In the shell, union is straightforward--it's cat:

 $ cat relation-1 relation-2 > unioned-relation

After any operation in which duplicate entries are a possibility, compose with sort and uniq:

 $ cat relation-1 relation-2 | sort | uniq > unioned-relation

Since a relation is a set, duplicate entries are not allowed.

Many other programs accept multiple files as arguments and print out their contents: sed, grep, cut, awk.

Thus, these commands can combine selection (and projection) with union.

To "union" the output of one command with another, use a sequencing semicolon with an append:

  $ command-1 > relation; command-2 >> relation

Selection

Mathematically, selection $(\sigma_\phi)$ is a filtering operation that applies a predicate $\phi$ to each member of a set, retaining only those for which the predicate is true:

\[ \sigma_\phi(A) = \{ x \mathrel{|} x \in A \text{ and } \phi(x) \text{ is true } \} \]

Many Unix commands in serve as selectors (and simultaneously as union); that is, many programs can filter a file, line by line.

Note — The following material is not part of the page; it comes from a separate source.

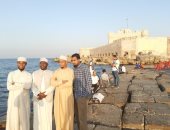 متدربو المنظمة العالمية لخريجى الأزهر الأفارقة فى زيارة لمعالم الإسكندرية.. صور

The most common selectors are sed, grep and awk.

For example, awk can select entries from /etc/passwd where the user id and the primary group id are not equal:

 awk -F ":" '{ if ( $3 != $4 ) print }' /etc/passwd

Projection

Mathematically, projection $(\pi_{c_1,\ldots,c_n})$ is a reduction operator that retains the specified columns $(c_1,\ldots,c_n)$ in a relation and discards the rest.

If a relation is table, then $c_1,\ldots,c_n$ can be the names of the columns (and the order in which to preserve them).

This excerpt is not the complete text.